Poursuivre les États trop accommodants avec des multinationales soucieuses de réduire leur facture fiscale. En cas de victoire, faire rembourser aux entreprises les économies d'impôt en question. Implanter des lois encore plus sévères contre ces stratégies fiscales. Pour régler le problème des stratégies fiscales agressives des multinationales, l'Europe tente plusieurs solutions simultanées.

Des poursuites

Depuis juin, la Commission européenne a entamé quatre enquêtes pour déterminer si des tax rulings favorisant des multinationales (Amazon, Fiat et Starbucks) étaient légales en vertu du droit européen de la concurrence. Le trio de pays au banc des accusés fiscaux: les Pays-Bas, l'Irlande et le Luxembourg, éclaboussé à nouveau mardi par des révélations incluant des dizaines de multinationales, dont Bombardier.
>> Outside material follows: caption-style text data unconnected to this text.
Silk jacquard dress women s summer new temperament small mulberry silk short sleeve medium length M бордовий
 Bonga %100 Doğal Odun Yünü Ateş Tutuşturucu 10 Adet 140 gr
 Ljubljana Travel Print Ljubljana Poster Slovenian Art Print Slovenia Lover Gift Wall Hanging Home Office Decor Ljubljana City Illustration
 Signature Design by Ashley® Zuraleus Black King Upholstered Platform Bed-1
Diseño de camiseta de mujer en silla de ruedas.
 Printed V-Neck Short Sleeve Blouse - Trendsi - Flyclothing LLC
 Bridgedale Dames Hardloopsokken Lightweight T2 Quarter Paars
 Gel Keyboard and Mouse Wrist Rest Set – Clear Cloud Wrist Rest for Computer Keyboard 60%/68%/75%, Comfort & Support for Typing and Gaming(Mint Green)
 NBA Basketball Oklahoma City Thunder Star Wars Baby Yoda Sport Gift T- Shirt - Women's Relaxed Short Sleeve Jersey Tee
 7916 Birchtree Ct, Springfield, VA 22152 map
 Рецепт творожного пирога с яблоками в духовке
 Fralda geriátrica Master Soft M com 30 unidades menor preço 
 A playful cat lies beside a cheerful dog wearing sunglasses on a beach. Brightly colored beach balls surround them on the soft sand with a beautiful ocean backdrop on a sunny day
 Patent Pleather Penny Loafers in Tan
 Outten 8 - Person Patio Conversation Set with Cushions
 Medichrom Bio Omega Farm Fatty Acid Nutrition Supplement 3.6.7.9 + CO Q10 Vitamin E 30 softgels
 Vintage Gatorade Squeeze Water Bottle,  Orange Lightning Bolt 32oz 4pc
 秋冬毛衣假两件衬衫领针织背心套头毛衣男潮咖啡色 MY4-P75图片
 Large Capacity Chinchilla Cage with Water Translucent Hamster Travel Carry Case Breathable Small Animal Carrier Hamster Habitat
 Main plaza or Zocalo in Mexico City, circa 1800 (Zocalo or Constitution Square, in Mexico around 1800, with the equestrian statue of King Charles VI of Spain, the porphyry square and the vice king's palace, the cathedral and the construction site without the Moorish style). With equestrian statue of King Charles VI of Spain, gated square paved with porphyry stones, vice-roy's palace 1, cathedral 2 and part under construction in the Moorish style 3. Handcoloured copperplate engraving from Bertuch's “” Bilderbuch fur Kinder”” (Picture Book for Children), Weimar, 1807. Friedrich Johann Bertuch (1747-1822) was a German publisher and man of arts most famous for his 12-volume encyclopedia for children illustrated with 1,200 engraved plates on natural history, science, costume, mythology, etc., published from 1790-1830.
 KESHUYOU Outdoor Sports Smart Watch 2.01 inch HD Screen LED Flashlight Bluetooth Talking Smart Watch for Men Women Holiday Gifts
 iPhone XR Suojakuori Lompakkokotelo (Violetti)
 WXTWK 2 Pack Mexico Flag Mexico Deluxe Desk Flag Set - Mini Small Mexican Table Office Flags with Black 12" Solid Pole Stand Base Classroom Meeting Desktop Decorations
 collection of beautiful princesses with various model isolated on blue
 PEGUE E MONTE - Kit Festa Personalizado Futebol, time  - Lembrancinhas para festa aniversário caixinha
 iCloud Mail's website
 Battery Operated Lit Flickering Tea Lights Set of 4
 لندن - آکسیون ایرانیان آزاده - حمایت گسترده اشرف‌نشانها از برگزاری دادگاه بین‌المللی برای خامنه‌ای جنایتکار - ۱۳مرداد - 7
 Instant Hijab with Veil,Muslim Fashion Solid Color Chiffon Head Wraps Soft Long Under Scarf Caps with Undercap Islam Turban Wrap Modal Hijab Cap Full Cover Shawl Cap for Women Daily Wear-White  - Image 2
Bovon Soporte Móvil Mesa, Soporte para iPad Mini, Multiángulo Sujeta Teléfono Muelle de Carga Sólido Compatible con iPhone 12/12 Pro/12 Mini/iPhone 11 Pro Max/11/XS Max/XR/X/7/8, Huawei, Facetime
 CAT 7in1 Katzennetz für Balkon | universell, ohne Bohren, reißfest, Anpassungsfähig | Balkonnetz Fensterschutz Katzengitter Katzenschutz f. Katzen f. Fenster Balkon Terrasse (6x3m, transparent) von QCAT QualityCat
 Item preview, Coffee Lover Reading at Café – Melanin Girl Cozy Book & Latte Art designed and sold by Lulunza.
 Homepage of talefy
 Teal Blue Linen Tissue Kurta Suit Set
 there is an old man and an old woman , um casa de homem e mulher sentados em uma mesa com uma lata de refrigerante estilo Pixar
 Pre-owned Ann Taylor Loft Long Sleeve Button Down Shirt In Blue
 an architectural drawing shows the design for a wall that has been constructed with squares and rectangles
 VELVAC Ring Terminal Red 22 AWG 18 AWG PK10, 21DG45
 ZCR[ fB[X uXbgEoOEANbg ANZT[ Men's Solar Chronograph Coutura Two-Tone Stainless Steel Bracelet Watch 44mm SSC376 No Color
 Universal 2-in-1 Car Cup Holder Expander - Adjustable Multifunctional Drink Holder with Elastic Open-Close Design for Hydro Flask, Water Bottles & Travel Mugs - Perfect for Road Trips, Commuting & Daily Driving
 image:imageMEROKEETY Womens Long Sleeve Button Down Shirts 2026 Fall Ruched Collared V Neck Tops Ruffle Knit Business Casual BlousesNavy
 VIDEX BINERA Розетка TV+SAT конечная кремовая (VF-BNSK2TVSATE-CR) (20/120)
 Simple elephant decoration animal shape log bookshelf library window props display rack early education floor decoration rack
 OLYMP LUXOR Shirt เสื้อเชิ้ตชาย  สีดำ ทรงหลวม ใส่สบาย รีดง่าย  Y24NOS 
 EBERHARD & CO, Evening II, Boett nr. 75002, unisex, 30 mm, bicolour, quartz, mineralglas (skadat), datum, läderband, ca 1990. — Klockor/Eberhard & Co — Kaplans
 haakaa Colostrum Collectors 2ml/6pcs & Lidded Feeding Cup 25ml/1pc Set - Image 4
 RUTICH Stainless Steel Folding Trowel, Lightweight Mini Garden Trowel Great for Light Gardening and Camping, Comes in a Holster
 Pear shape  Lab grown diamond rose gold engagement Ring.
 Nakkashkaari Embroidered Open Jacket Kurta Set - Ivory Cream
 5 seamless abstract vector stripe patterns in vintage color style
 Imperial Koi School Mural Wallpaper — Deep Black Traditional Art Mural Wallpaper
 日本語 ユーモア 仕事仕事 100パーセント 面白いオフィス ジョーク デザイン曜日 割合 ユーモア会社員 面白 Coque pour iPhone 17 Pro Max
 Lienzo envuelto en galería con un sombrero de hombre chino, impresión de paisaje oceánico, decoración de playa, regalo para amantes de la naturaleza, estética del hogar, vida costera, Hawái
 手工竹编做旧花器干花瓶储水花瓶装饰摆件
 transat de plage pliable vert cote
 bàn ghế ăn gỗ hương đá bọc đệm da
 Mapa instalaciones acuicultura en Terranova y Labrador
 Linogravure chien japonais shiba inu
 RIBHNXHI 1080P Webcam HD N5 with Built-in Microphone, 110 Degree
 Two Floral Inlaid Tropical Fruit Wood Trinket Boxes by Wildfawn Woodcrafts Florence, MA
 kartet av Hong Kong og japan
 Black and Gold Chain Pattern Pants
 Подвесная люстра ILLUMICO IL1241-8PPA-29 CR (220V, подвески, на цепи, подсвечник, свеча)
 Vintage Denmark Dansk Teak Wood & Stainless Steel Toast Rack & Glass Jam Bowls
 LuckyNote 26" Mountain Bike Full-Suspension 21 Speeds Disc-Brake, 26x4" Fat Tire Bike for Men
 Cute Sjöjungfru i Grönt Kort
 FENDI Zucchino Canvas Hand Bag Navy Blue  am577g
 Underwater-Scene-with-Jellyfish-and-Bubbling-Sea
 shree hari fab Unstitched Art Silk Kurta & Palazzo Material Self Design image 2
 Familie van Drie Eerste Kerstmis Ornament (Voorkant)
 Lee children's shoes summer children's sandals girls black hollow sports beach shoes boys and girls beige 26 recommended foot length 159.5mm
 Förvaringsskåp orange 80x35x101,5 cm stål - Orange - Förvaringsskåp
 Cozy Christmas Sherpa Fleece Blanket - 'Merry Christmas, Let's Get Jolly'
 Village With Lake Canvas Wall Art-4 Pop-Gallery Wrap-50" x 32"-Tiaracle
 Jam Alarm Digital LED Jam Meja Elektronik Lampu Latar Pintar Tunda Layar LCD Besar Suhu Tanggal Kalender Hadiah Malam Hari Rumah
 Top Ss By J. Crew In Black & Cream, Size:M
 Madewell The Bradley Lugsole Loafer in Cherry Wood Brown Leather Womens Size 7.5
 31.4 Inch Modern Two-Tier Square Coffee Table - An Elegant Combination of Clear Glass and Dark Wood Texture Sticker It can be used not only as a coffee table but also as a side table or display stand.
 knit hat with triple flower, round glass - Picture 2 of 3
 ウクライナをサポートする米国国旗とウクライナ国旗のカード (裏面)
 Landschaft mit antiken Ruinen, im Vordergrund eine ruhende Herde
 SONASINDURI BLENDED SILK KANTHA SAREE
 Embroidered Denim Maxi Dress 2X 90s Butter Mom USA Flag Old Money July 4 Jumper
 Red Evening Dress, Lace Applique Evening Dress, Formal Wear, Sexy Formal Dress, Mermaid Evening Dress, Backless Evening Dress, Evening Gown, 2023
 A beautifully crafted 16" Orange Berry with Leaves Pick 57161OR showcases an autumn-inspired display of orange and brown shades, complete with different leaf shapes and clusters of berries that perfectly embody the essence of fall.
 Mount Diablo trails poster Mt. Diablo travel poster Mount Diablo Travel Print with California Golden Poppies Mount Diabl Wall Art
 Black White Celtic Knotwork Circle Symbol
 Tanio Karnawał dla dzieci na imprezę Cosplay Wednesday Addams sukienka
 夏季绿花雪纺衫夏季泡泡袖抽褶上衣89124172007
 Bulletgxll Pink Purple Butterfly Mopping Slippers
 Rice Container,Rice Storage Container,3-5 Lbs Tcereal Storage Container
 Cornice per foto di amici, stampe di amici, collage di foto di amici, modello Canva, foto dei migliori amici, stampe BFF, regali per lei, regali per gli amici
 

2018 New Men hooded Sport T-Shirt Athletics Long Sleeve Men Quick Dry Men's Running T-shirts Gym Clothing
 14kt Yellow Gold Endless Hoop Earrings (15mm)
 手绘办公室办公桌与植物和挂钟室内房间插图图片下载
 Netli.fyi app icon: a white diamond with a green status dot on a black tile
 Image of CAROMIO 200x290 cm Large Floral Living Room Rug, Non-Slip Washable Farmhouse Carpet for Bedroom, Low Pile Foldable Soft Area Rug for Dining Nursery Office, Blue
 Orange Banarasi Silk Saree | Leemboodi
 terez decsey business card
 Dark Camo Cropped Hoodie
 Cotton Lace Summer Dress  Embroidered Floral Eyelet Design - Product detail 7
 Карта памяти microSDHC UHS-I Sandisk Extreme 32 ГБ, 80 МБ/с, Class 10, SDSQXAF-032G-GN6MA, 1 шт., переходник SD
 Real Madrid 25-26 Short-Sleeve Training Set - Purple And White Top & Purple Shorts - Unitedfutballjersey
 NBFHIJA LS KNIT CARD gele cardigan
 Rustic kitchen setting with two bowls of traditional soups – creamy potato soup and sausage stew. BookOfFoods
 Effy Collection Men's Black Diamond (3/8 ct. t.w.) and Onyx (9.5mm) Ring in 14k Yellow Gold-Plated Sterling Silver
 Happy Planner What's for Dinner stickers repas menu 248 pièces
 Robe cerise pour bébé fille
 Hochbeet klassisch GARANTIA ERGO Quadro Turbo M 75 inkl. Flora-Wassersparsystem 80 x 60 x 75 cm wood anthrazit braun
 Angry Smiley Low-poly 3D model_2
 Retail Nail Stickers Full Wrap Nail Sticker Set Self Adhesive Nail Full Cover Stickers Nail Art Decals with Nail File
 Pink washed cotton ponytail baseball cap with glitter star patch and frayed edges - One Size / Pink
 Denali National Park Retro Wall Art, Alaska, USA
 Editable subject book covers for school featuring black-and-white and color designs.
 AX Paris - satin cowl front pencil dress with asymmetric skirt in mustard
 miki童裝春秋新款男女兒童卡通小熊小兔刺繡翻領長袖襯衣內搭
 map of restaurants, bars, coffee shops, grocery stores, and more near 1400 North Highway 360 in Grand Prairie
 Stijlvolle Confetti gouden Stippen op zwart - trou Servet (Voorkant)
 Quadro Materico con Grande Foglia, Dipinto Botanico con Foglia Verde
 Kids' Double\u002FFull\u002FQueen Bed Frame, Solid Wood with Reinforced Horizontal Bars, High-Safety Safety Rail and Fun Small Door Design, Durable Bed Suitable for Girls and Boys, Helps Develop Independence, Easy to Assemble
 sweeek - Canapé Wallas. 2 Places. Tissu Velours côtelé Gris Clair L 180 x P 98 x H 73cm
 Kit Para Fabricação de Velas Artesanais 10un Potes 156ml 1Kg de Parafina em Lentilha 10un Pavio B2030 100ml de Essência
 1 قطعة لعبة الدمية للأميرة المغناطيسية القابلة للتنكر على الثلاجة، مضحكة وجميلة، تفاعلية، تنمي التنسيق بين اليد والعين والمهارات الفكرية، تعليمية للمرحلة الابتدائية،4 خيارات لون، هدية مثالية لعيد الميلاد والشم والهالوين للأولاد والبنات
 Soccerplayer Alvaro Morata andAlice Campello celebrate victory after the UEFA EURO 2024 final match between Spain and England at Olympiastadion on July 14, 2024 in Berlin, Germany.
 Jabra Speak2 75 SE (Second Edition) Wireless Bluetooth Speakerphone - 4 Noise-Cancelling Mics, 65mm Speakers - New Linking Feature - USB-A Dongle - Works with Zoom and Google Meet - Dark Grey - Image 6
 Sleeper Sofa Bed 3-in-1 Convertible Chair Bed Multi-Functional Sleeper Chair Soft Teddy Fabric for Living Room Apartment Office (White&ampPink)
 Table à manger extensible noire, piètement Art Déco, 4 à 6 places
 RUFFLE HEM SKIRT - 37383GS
«Il y a des États qui ont facilité l'exploitation des différences fiscales entre les États. [...] Le Luxembourg n'a pas encore été condamné, l'affaire est toujours devant les tribunaux européens. Le Luxembourg est accusé de ne pas avoir vérifié toutes les structures des entreprises pour s'assurer de respecter les règles de concurrence en matière fiscale de l'Union européenne. Et si une autre bénéficie illégalement d'une «aide de l'État» en contravention des règles européennes de concurrence, elle doit rembourser cette «aide de l'État» », dit Pasquale Pistone, président académique du Bureau international de documentation fiscale (IBFD) et professeur en droit fiscal à l'Université économique de Vienne, en Autriche.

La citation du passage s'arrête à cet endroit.